God is my strength. Vision is his gift.
This lesson contains in one succinct application (or a pair of applications, really) two of my favorite – and to my mind, critical – ideas about A Course in Miracles. First, it’s not my strength that gets anything meaningful done. Second, vision – my right mind, the Holy Spirit, a connection to Jesus – are gifts, not rewards.
I want to look at both ideas, even though anything I say about them is basically a rehash of what I’ve said in many previous posts.
We have been exploring the important idea lately that the separation – the split with God from which all my seeming problems spring – never happened. Indeed, Lesson 41 – God goes with me wherever I go – basically states that there is no division between what God is and what we are. Accepting the fact that “he” is with us in all circumstances without exception is really just another way of saying that we are in truth is what God is. Part of God cannot leave God. So the separation never happened. Lesson 41 promises us that acceptance of this idea “will overcome completely the sense of loss and abandonment all the separated ones experience (W-pI.41.1:1).

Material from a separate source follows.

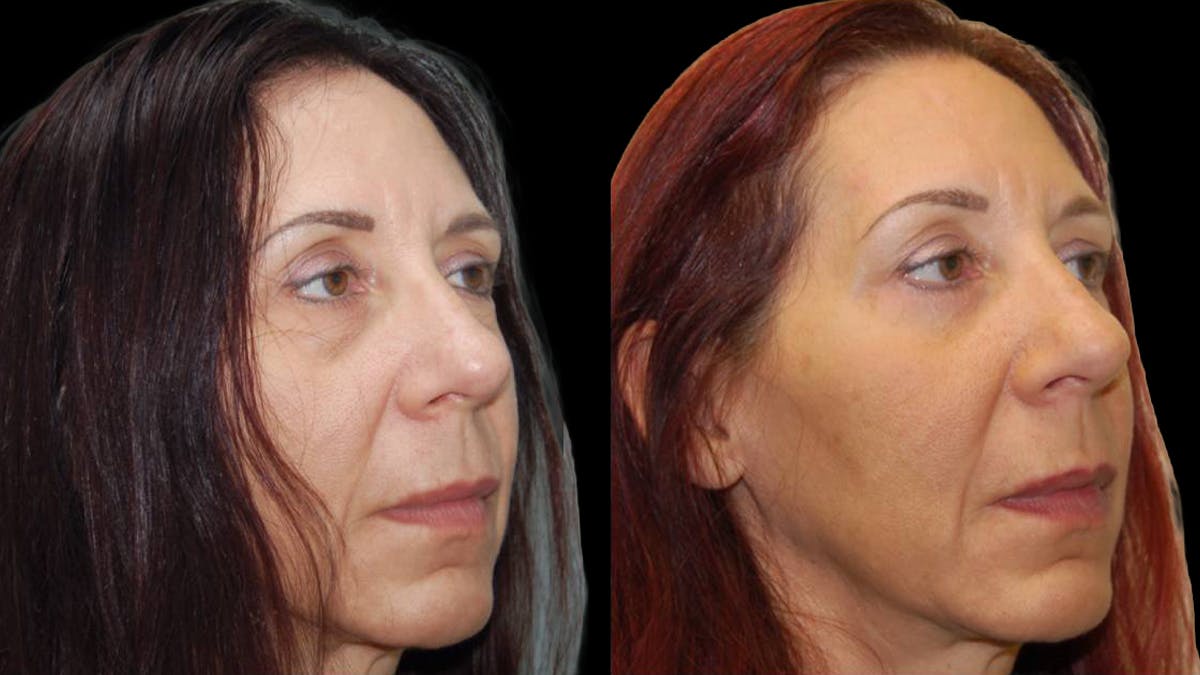 Lower Eyelid Surgery Before & After Gallery - Patient 186833 - Image 3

Lesson 42 is another way of saying the same thing. Few people have trouble with the idea that God – however we define God – is all-powerful. If we are one with God – if our union with God is indivisible and intact – then we, too, are all-powerful. The strength that we associate with God is our strength. So we are not only reaffirming that the separation never happened, we are now accepting a major benefit of that truth.
The other idea in this lesson is that vision is a gift. Moreover, it was already given. The tense here matters. We are not sinners desperately and frantically trying to make amends for our horrible deeds in hopes that we will gain Heaven. God does not operate that way. We didn’t do anything. Really, in A Course in Miracles, we can’t say that enough. We are not being punished and we are not being asked to “atone” for wrongdoings.
All that “happened” was that we accept as true a thought that was false. That’s it. And all that matters to God – all that God knows – is that we’re not with him now. He wants us back. Vision – which restores us to our right minds which in turns facilitates the transformation to one-mindedness – was delivered the instant we considered the separation as a real possibility. The solution is in our minds as is the problem. And all we have to do is recognize it. That’s it. Salvation isn’t something that comes after a long and arduous discipleship in which we prove our merit and love. It’s part of who and what we naturally are.
There is great comfort in both those ideas. If we can get the egoic self to stand down a little, we can realize that there is nothing to do. Salvation is not a matter of great effort. It’s not an accomplishment. The hard part is realizing that. Because when we do – when we do accept God’s strength as the functional equivalent of our strength – then we will simultaneously realize that we are possessed of Christ-like vision.
The game is over and we won. All we have to do is remember the victory.